Your goal: After locating the line with "筑紫野市商工会女性部通常総会2" in the entries below, output it and each following line up to and including the line with "Pengadilan Pajak di", exactly and without pictures.

Dataset:
<<<<

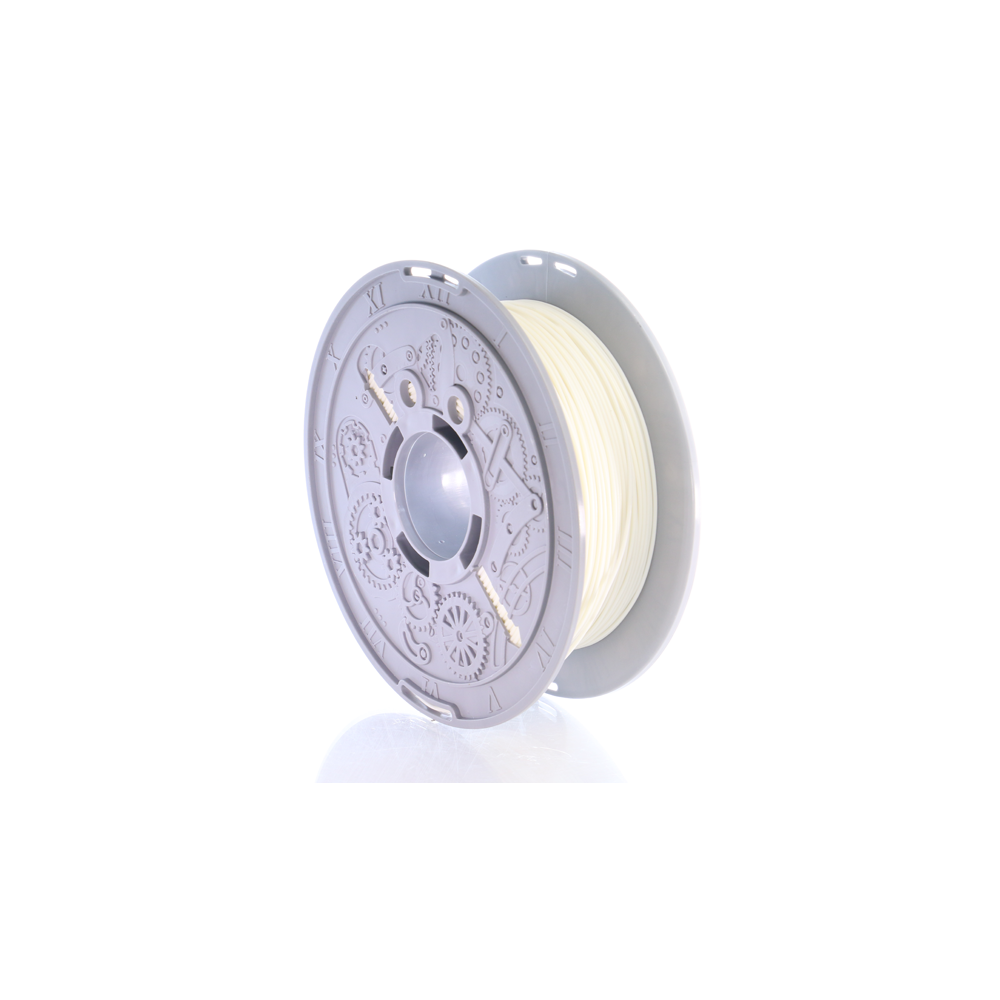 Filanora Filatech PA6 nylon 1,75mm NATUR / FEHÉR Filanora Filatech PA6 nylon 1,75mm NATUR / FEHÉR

>>>>
<<<<

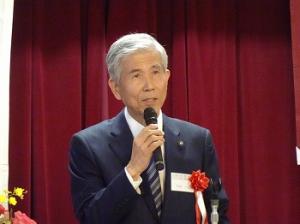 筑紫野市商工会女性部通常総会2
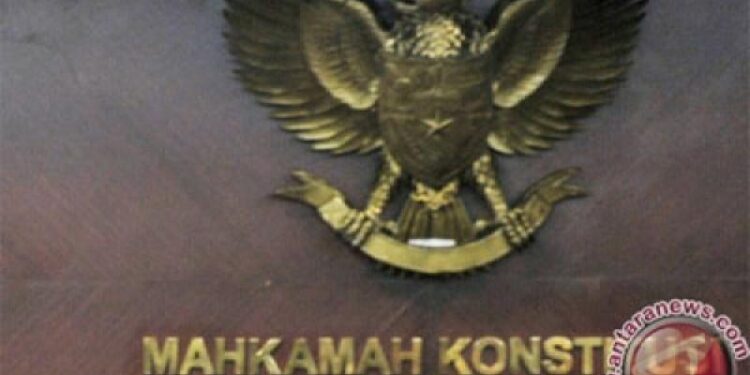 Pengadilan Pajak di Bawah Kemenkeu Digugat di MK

>>>>
<<<<

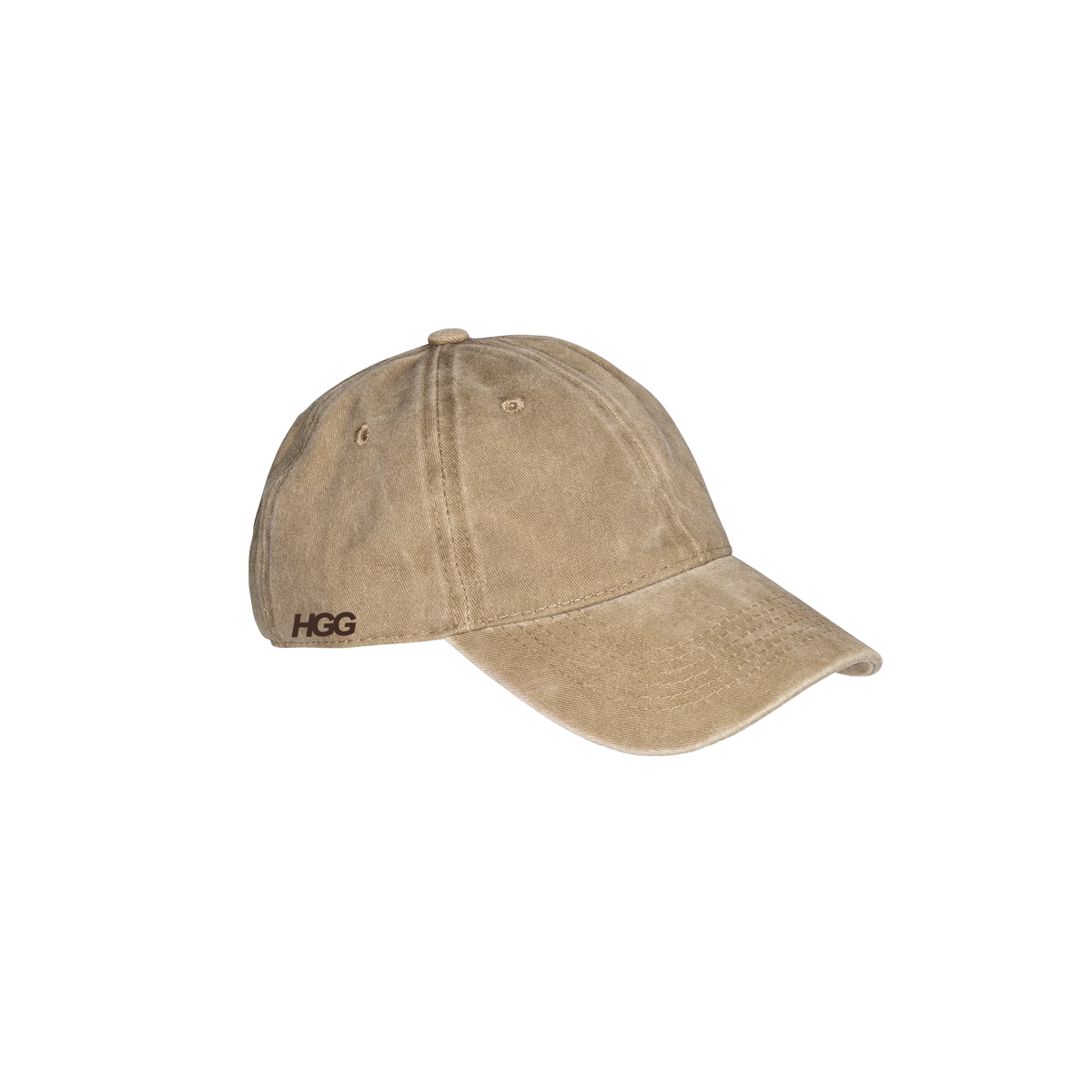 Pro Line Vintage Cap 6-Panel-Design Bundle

>>>>

Result:
 筑紫野市商工会女性部通常総会2
 Pengadilan Pajak di Bawah Kemenkeu Digugat di MK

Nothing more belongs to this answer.